═══ Dataset ═══

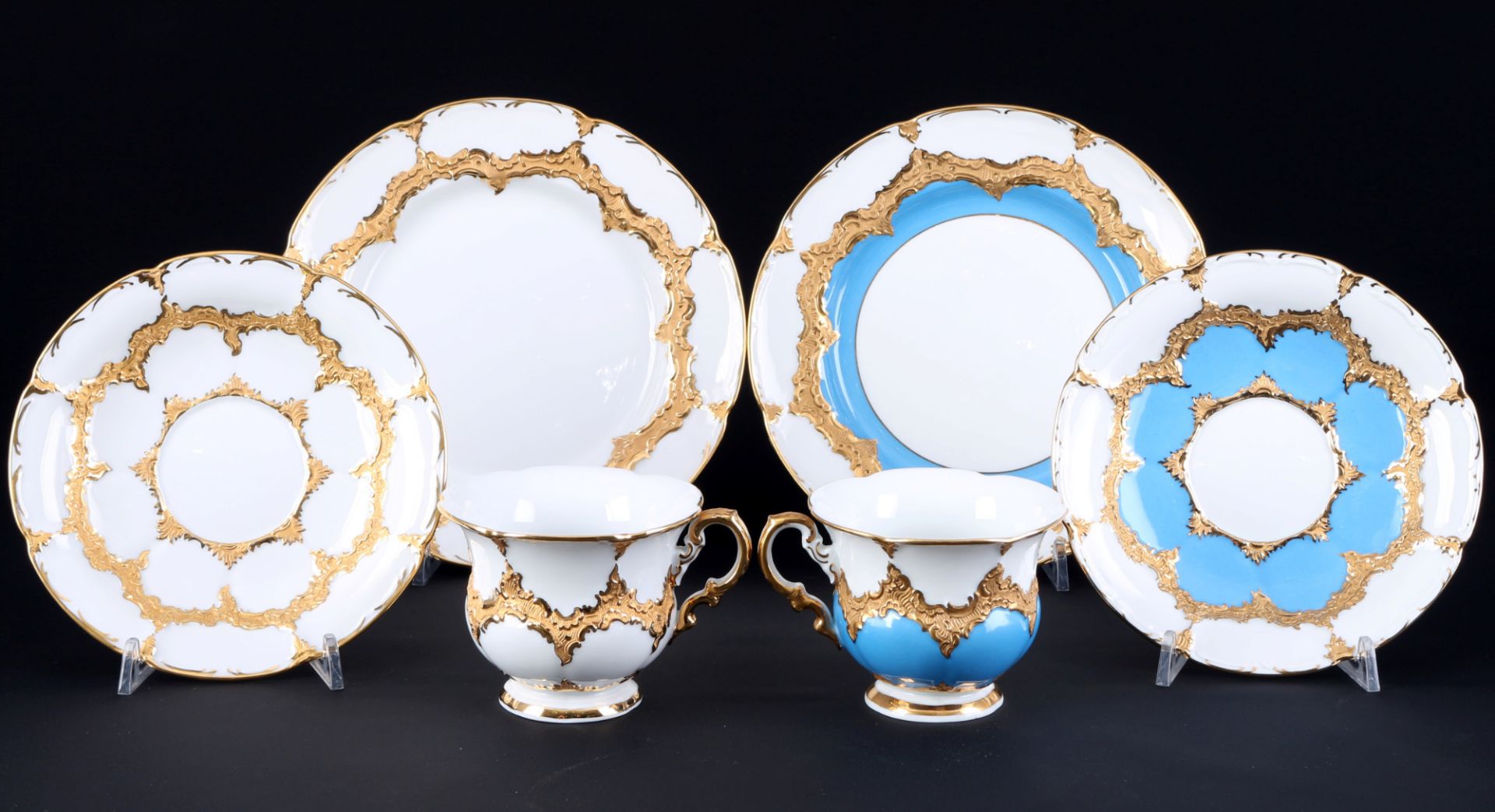 Meissen B-Form light blue / white 2 coffee cups with dessert plates,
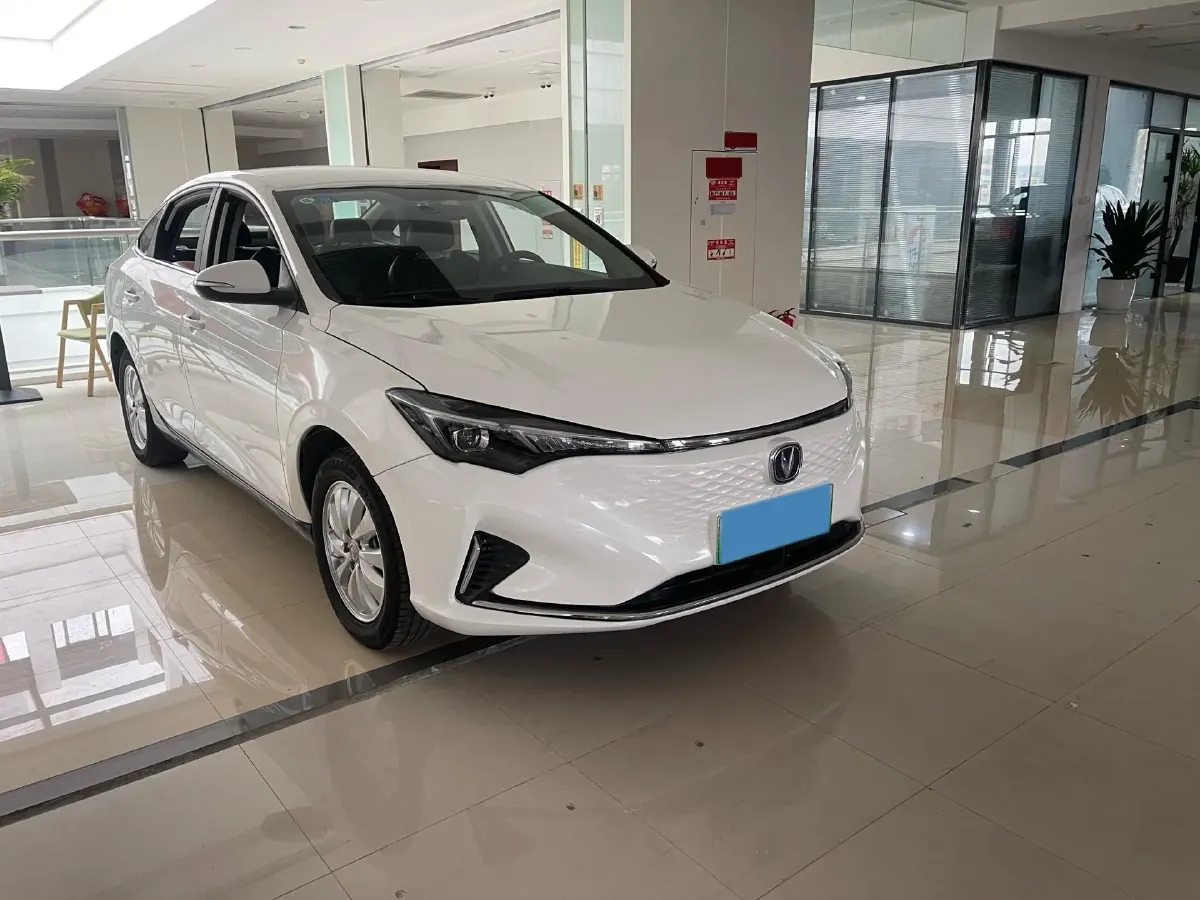 2022 ChangAn Eado BEV 47.78KWH,autocango,china used car exporter,china ev exporter,chinese used car exporter,chinese used ev exporter
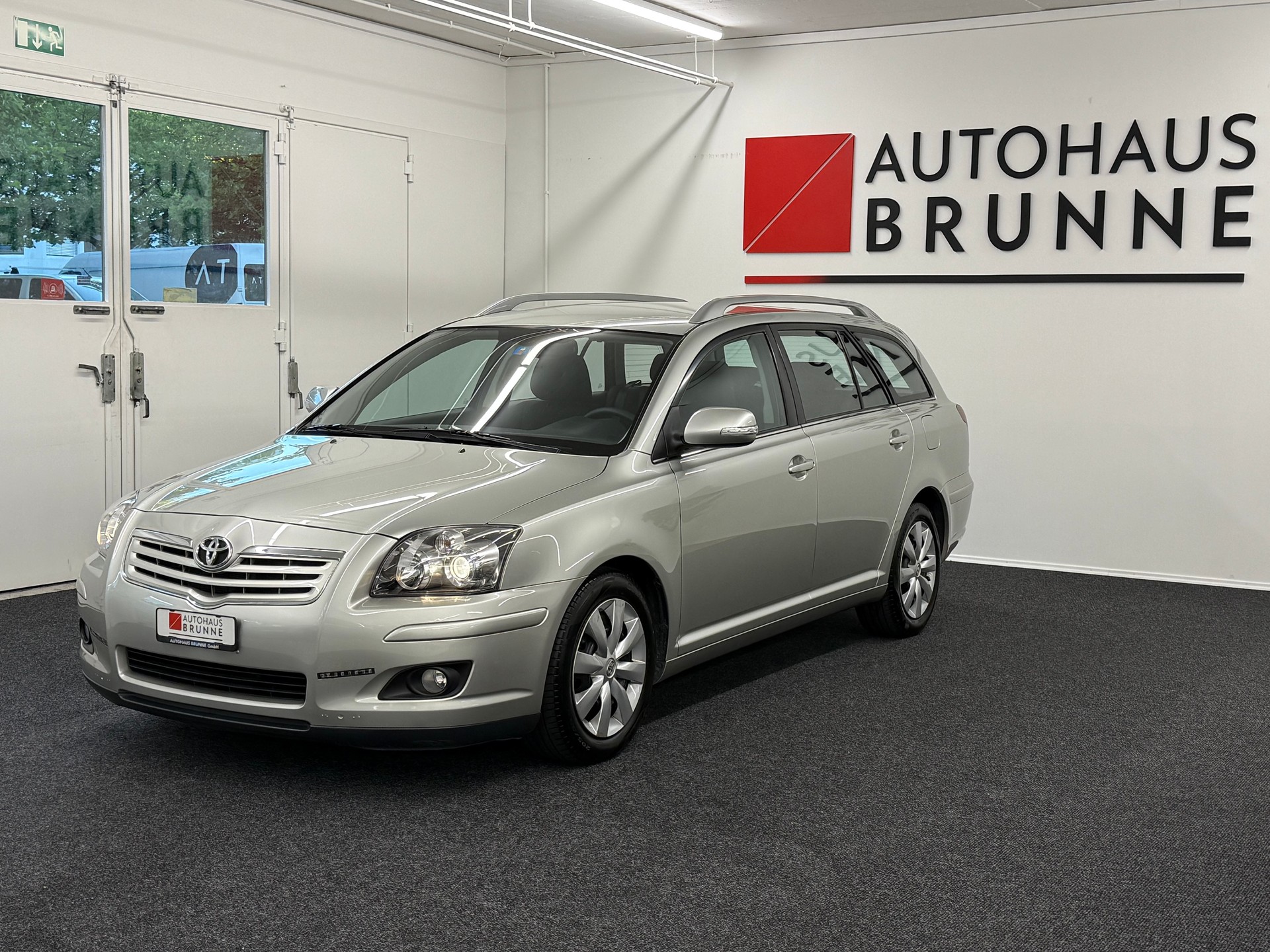 TOYOTA Avensis 1.8 VVT-i Linea Terra Sportswagon-image-0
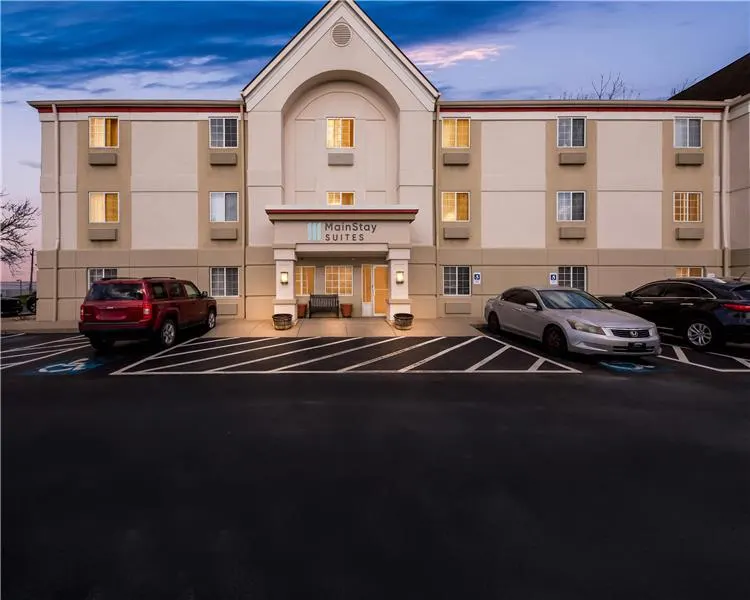 MainStay Suites Cincinnati Blue Ash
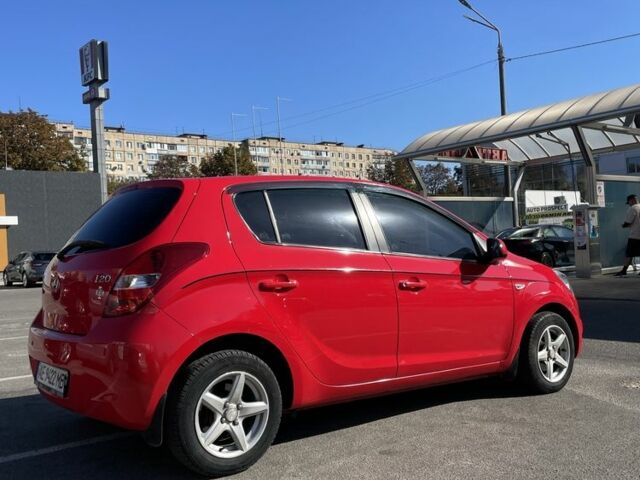 Красный Хендай и20, объемом двигателя 1.4 л и пробегом 123 тыс. км за 6900 $, фото 1 на Automoto.ua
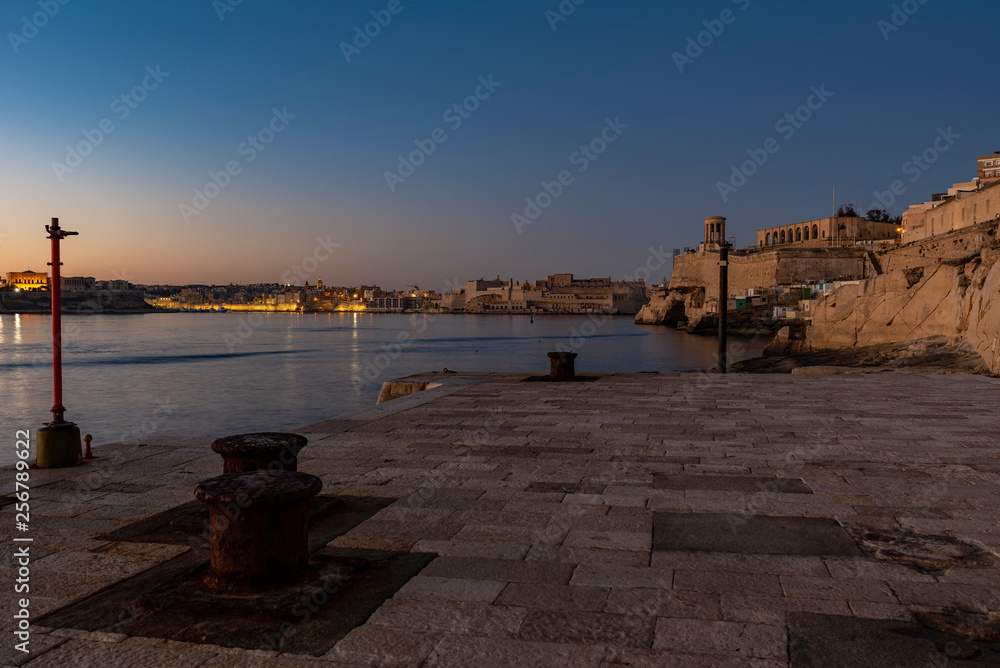 Città di La Valletta vista dai bastioni alle prime luci del mattino, Malta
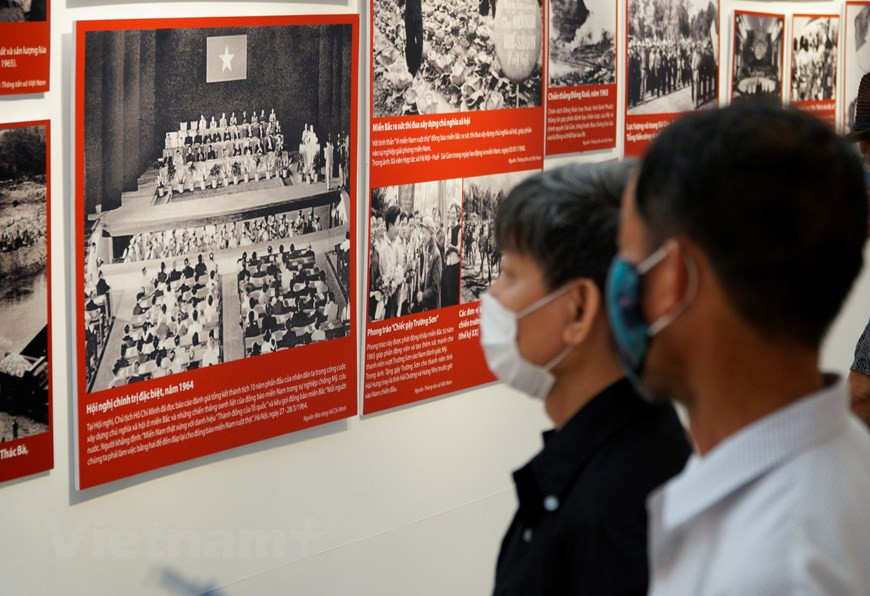 Le deuxième raconte des luttes de neuf ans pour la défense nationale de 1945 à 1954. Pendant cette période difficile, le Gouvernement et le peuple ont travaillé dur pour accomplir les trois tâches prioritaires pointés du doigt par le Président Hô Chi Minh, à savoir «éliminer la famine, l’analphabétisme et vaincre les agresseurs étrangers» (en vietnamien : diêt giac doi, diêt giac dôt, diêt giac ngoai xâm). Dès le lendemain de la Déclaration d’Indépendance, au cours d’une réunion du gouvernement provisoire le 3 septembre 1945, le Président lança la campagne de lutte contre l’analphabétisme. Selon lui, «un peuple ignorant est un peuple faible». Photo: Minh Hieu/Vietnam+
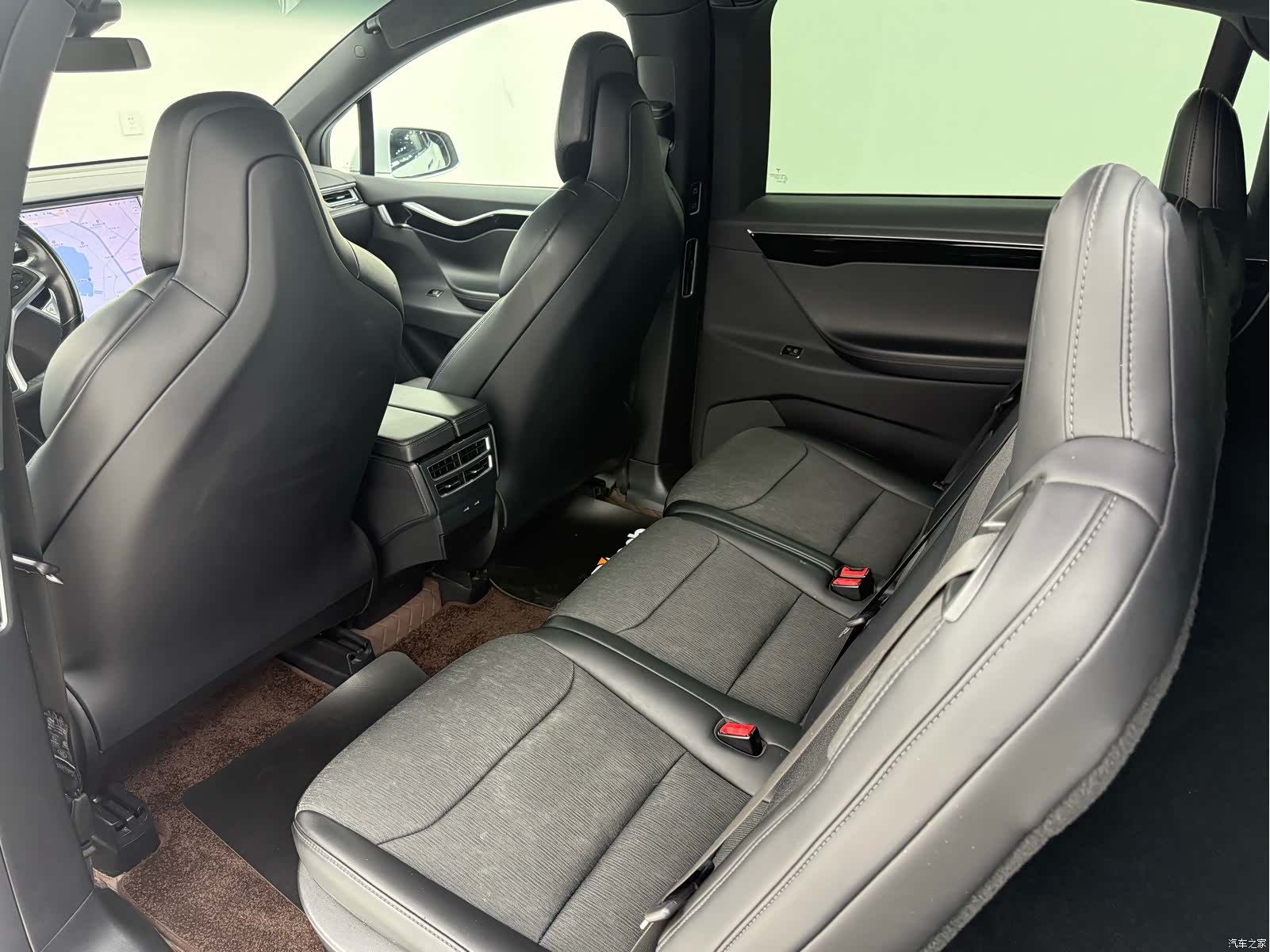 Tesla Model X, 2018 13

═══

**To do:** Output, line for line and exactly, the records above from their first line through the one with "Città di La", both ends included, but no pictures.

**Task answer:**
 Meissen B-Form light blue / white 2 coffee cups with dessert plates,
 2022 ChangAn Eado BEV 47.78KWH,autocango,china used car exporter,china ev exporter,chinese used car exporter,chinese used ev exporter
 TOYOTA Avensis 1.8 VVT-i Linea Terra Sportswagon-image-0
 MainStay Suites Cincinnati Blue Ash
 Красный Хендай и20, объемом двигателя 1.4 л и пробегом 123 тыс. км за 6900 $, фото 1 на Automoto.ua
 Città di La Valletta vista dai bastioni alle prime luci del mattino, Malta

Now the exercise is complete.